┌────────
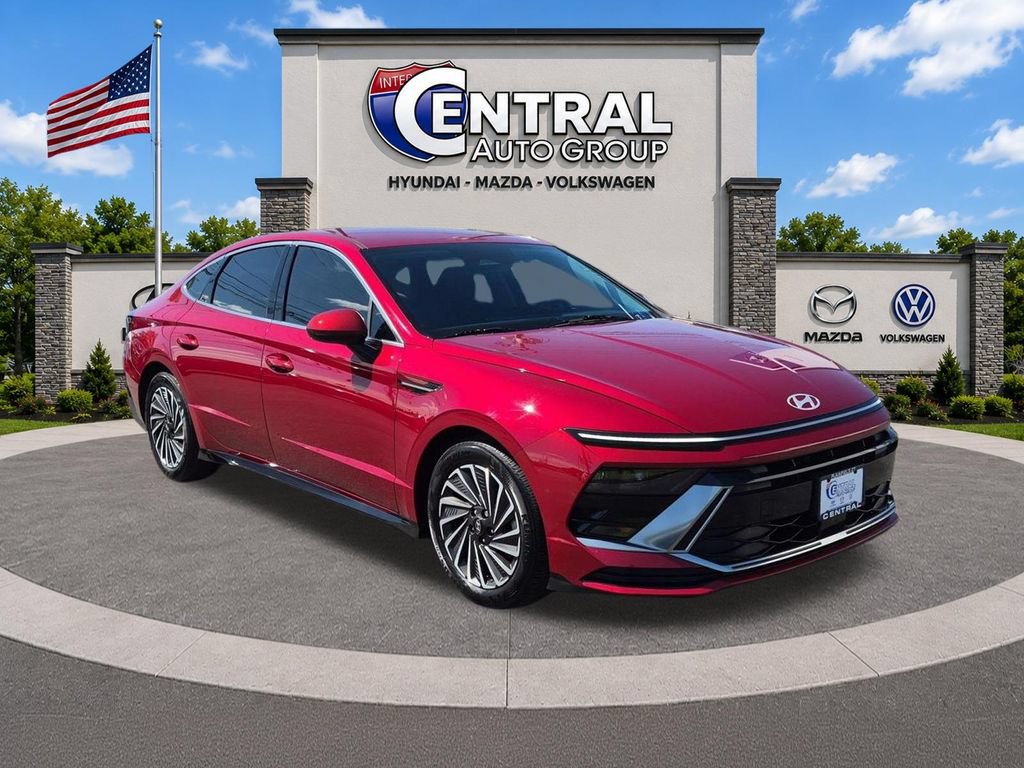 Certified 2024 Hyundai Sonata SEL FWD image 1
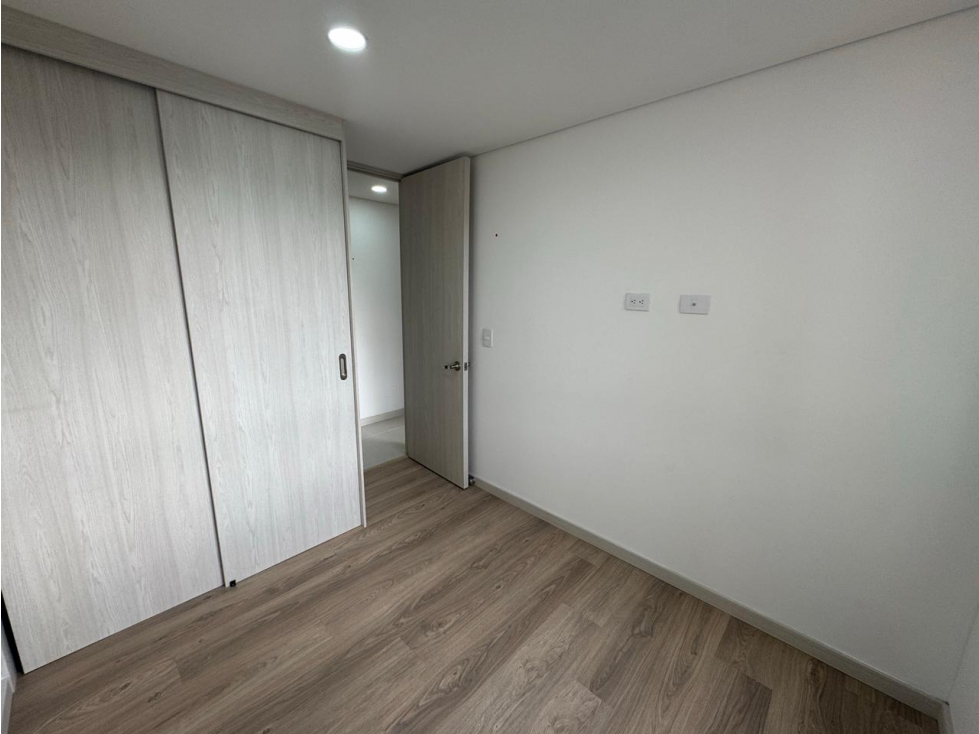 Apartamento en venta en Suramérica, Itagüí · foto 9 de 11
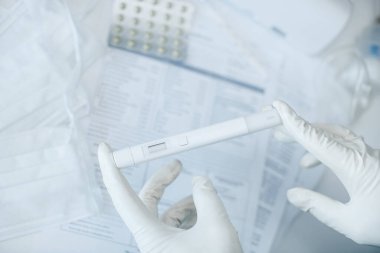 Hastanedeki bir masaüstü bilgisayarında virüs testi yapılmış bir el. Laboratuvarda koronovirüs testi, hafif arkaplan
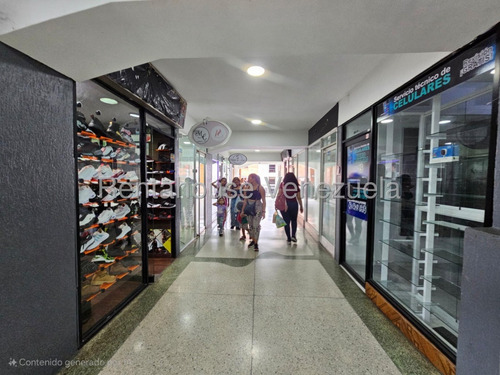Oportunidad De Inversion Local En Venta En Cc Galeria Plaza Remodelado Listo Para Firmar Alto Trafico Inicia Tu Negocio Estef 25-23064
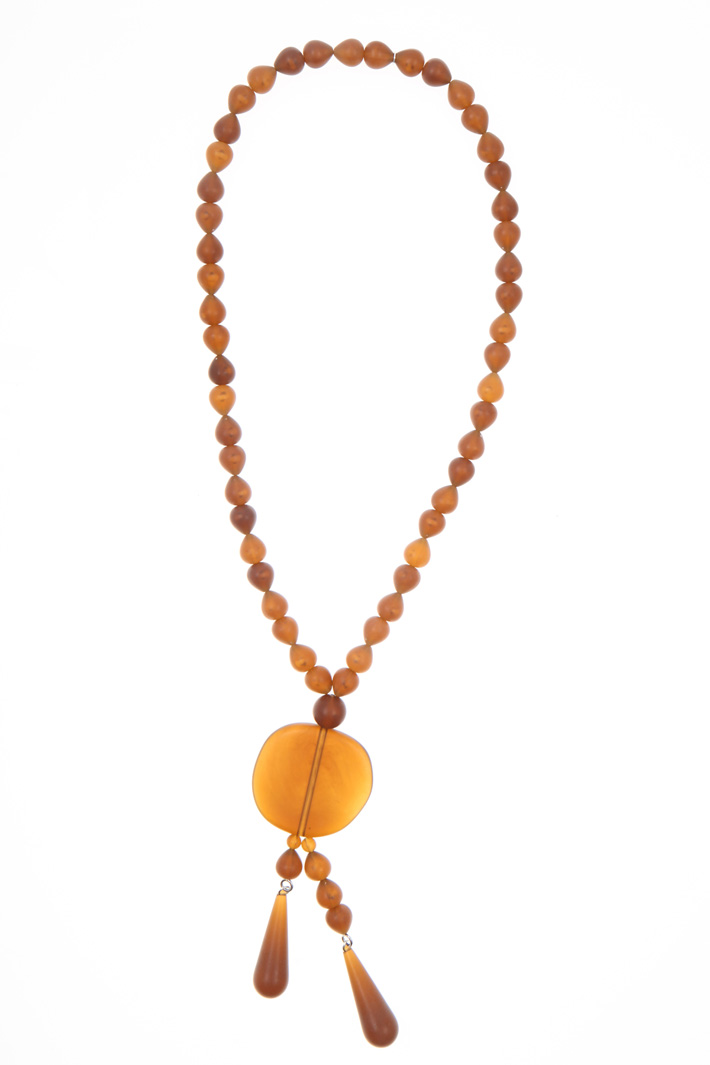 Necklace with pendant
Intrend Necklace with pendant
Intrend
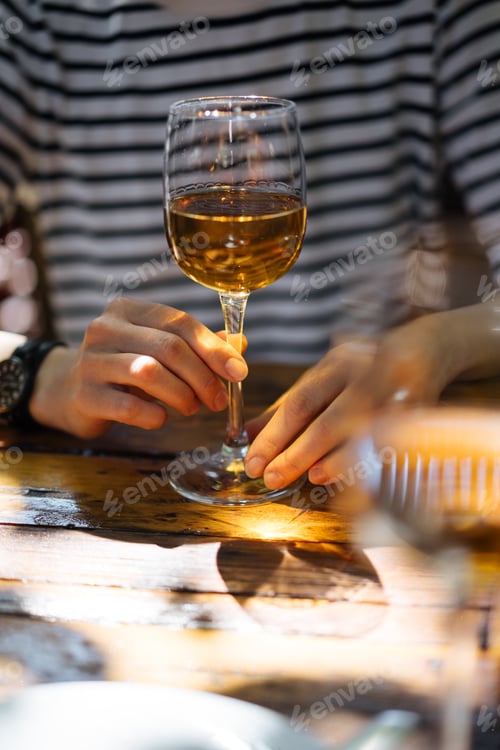 Preview: glasses of white wine
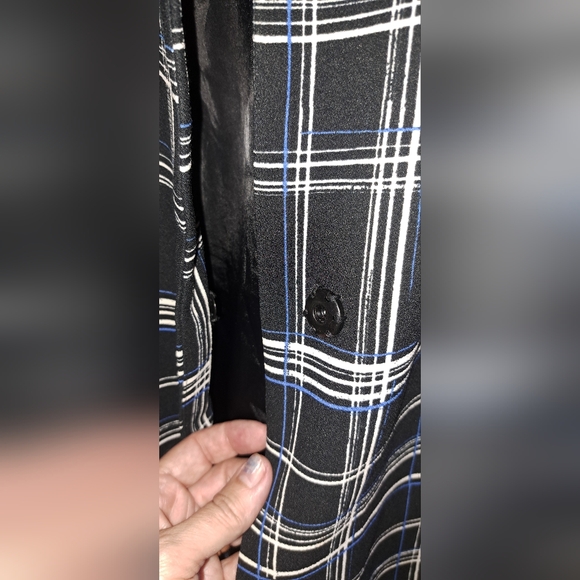 Ladies Asos Black/white Long Line  Business Blazer Jacket Snap Closure Size 6 - Picture 6 of 11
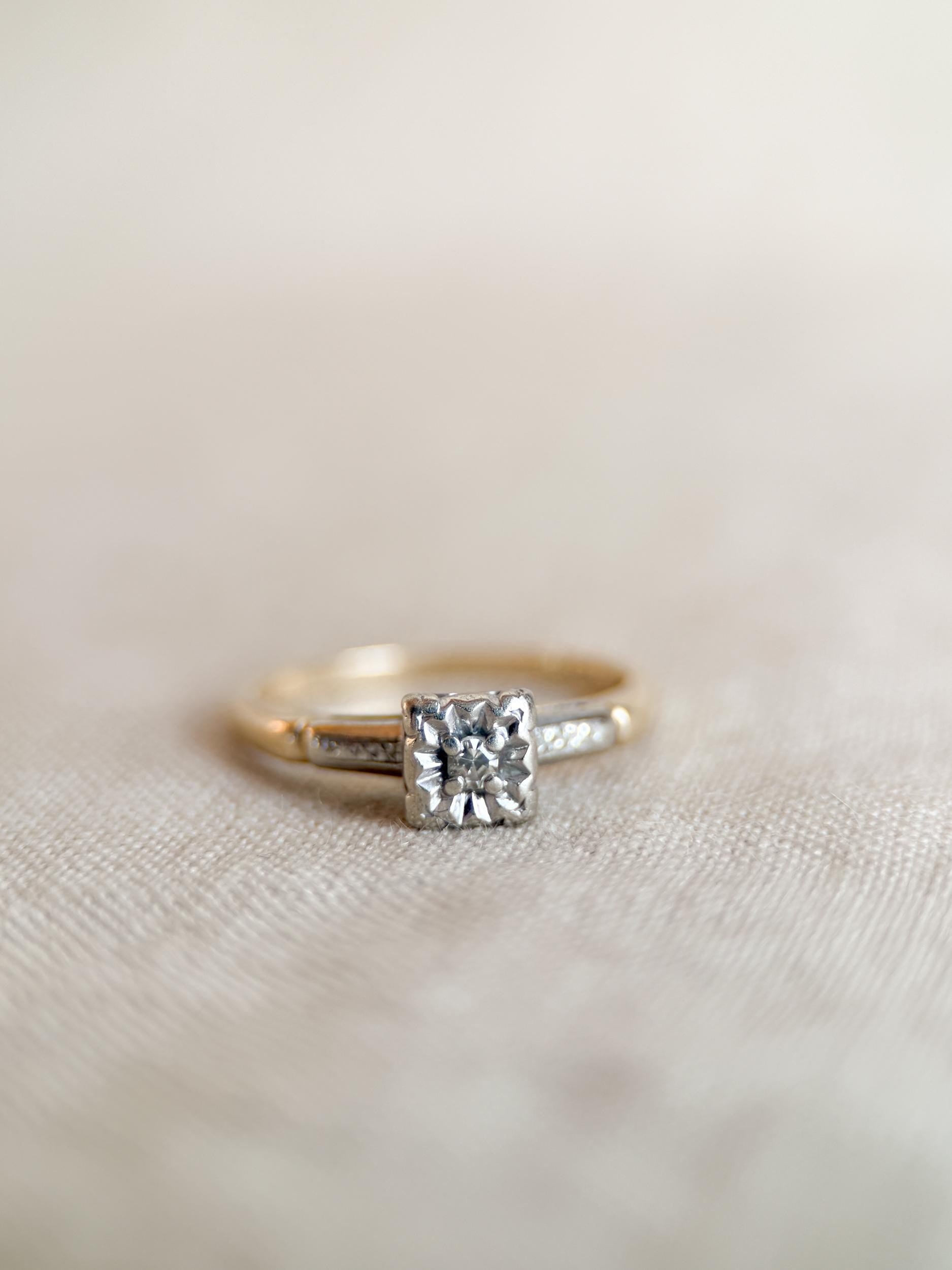Antique Diamond Engagement Ring, Round Cut, 14k Gold, 1920s Art Deco Bridal Ring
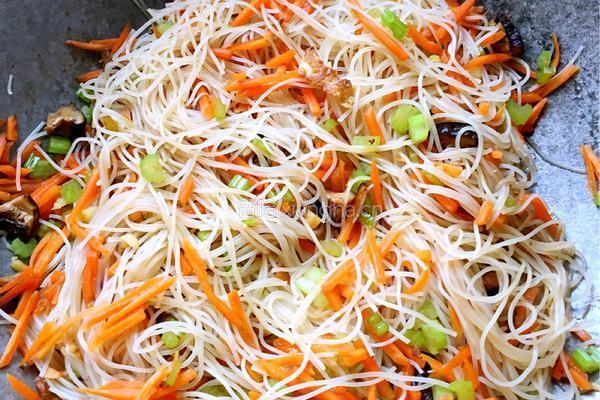 胡萝卜鸡蛋炒米粉的做法图解6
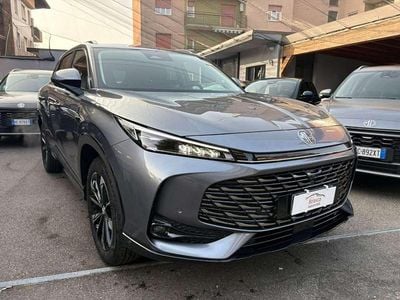 Nuova MG HS Luxury 143 CV (105 kW) 2026 Grigio scuro SUV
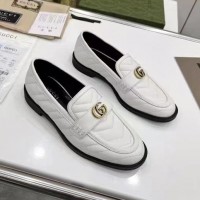 Лоферы Gucci с эмблемой Double G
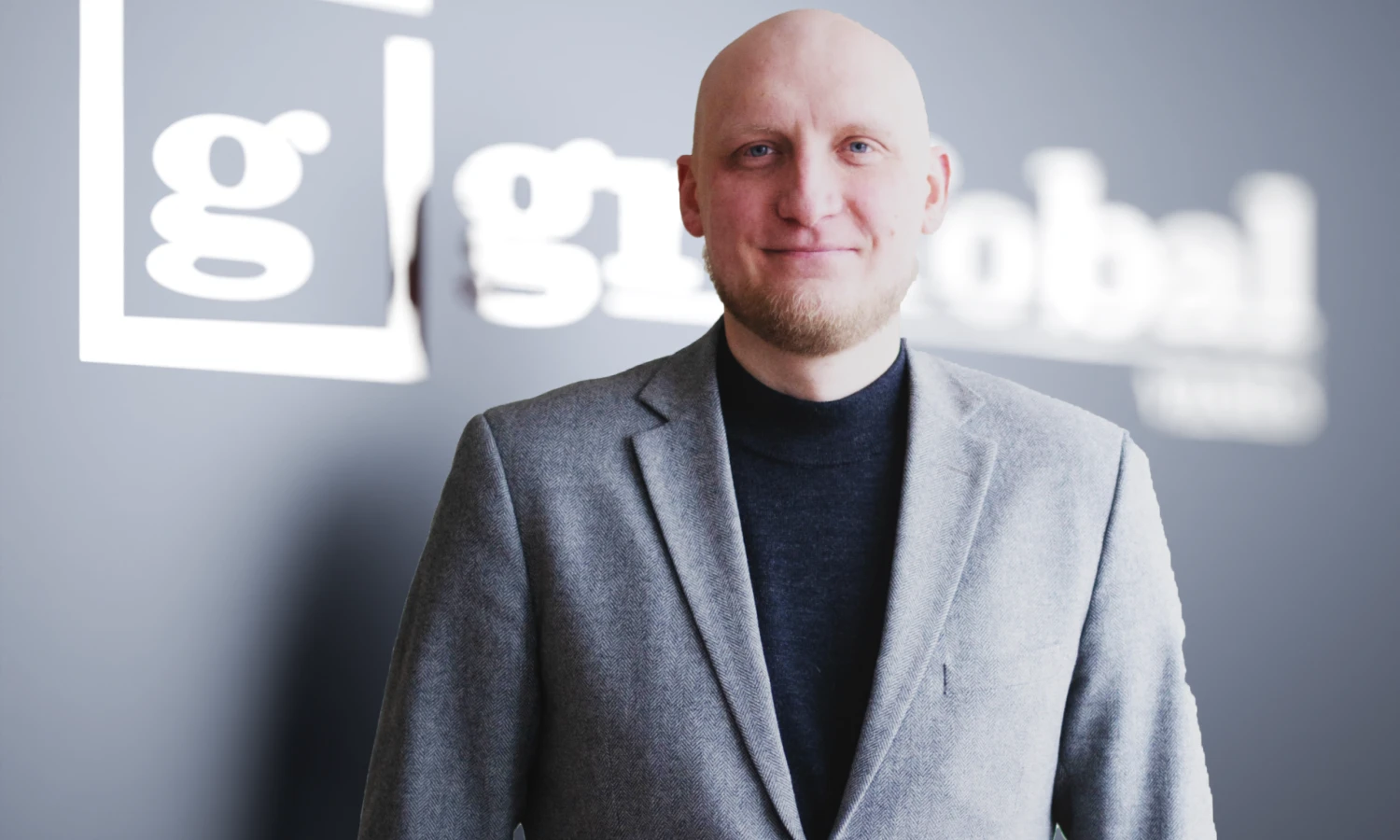 Justas Grigėnas, AB „Grafobal Vilnius“ komercijos direktorius: „Ir su kartonu, ir su plastiku viskas yra gerai, kol jie nugula rūšiavimo konteineryje, o ne šiukšlyne ar upelyje.“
└────────
**Your task**
Look above for the line holding "Intrend Necklace with pendant" and output everything from it down to the line holding "Лоферы Gucci с эмблемой Double G", both ends included, exactly and without images.

**Answer space**
Intrend Necklace with pendant
Intrend
 Preview: glasses of white wine
 Ladies Asos Black/white Long Line  Business Blazer Jacket Snap Closure Size 6 - Picture 6 of 11
Antique Diamond Engagement Ring, Round Cut, 14k Gold, 1920s Art Deco Bridal Ring
 胡萝卜鸡蛋炒米粉的做法图解6
 Nuova MG HS Luxury 143 CV (105 kW) 2026 Grigio scuro SUV
 Лоферы Gucci с эмблемой Double G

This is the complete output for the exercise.